Eli looked glum. “That was Mr. Frederick’s rule, too.”

“Mr. Frederick was your last teacher? Did you think that system was unfair?”

The boy lifted his shoulder again, not looking at her.

She propped her chin on her palm. “I want you to enjoy class, Eli. It’s no fun for any of us if one of our class members is miserable. But the fact of it is, if you’re caught trying to deliberately hurt another student, there’s not going to be anything I can do to help you. Principal Gage has very clear rules about behavior. What you did on the playground today was wrong.”

“The ball hardly hit him.”

“Only because he wasn’t standing still. And don’t act as if you were playing a game of dodgeball, because I know you weren’t.”

His face scrunched up, like he’d swallowed something bitter. “Sorry,” he mumbled.

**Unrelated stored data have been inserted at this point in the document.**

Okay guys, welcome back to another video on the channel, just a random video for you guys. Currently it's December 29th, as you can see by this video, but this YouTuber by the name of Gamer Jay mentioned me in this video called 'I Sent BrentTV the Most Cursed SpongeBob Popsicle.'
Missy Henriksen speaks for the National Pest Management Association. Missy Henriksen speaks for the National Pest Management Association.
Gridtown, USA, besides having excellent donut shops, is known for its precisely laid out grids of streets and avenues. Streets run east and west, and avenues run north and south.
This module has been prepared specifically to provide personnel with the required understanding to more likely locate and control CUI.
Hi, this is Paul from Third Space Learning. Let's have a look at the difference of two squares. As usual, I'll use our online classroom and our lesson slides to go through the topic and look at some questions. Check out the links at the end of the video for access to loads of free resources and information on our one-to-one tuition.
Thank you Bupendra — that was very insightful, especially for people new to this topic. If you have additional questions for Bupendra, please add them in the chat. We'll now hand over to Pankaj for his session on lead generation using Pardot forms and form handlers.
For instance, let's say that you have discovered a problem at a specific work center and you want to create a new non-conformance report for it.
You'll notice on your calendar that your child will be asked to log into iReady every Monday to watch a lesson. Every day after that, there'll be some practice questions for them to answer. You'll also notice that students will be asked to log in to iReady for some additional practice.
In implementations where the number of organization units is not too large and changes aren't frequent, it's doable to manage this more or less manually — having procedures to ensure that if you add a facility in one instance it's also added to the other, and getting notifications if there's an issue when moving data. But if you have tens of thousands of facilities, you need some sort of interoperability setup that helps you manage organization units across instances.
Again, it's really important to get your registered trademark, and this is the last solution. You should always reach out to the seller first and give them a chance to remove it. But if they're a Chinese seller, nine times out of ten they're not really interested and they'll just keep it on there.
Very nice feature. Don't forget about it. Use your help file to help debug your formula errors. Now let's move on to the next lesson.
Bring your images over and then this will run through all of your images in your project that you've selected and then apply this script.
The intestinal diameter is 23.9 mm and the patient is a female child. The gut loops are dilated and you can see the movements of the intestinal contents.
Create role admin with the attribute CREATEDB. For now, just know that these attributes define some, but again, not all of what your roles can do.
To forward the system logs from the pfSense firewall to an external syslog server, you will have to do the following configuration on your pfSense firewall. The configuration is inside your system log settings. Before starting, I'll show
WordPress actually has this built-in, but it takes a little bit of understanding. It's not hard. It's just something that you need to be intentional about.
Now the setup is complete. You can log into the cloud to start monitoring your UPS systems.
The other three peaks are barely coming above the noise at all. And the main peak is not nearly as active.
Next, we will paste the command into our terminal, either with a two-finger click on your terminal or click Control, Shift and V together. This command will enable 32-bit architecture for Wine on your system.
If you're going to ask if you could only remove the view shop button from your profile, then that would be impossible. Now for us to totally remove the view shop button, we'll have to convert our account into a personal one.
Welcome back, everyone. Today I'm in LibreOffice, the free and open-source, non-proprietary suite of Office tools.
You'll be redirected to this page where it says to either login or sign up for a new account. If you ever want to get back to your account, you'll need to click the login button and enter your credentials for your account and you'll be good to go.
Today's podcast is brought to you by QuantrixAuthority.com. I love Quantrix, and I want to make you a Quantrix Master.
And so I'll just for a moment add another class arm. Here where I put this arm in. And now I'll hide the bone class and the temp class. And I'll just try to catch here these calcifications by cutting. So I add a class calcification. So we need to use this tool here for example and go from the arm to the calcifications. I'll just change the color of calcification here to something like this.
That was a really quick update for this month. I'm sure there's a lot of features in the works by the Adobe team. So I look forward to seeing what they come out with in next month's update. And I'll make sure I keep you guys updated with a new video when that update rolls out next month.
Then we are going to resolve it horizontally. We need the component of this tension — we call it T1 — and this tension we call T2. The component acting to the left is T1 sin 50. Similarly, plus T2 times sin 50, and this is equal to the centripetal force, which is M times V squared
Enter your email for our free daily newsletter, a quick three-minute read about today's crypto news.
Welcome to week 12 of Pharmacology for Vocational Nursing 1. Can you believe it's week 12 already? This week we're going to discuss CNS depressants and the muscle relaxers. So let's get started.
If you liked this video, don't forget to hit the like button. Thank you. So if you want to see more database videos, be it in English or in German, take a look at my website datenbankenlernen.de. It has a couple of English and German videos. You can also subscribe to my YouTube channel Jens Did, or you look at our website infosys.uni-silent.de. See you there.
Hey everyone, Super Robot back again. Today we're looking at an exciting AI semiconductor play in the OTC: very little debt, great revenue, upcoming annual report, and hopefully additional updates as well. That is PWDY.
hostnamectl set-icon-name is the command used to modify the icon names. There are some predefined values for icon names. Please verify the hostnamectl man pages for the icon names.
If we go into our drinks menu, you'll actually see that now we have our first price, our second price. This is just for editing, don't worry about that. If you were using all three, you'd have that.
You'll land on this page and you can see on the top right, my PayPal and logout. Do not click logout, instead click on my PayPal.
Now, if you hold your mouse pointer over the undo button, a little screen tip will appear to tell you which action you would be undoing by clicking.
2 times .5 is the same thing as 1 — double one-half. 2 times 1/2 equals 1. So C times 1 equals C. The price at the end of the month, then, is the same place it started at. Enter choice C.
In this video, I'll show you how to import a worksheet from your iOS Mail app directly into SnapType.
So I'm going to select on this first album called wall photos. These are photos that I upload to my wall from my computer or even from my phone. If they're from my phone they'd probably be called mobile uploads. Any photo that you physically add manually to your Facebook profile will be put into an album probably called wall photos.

“It’s Jonathan who deserves the apology. You can use my phone here to call him, if you’d like.”

His lips parted. “Now?”

She could almost have let herself be amused by his appalled expression. “No time like the present. And I’ll bet that Jonathan is home by now since he lives just around the corner.” She plopped the phone on the corner of her desk in front of Eli and pulled out the phone list. “Ready?”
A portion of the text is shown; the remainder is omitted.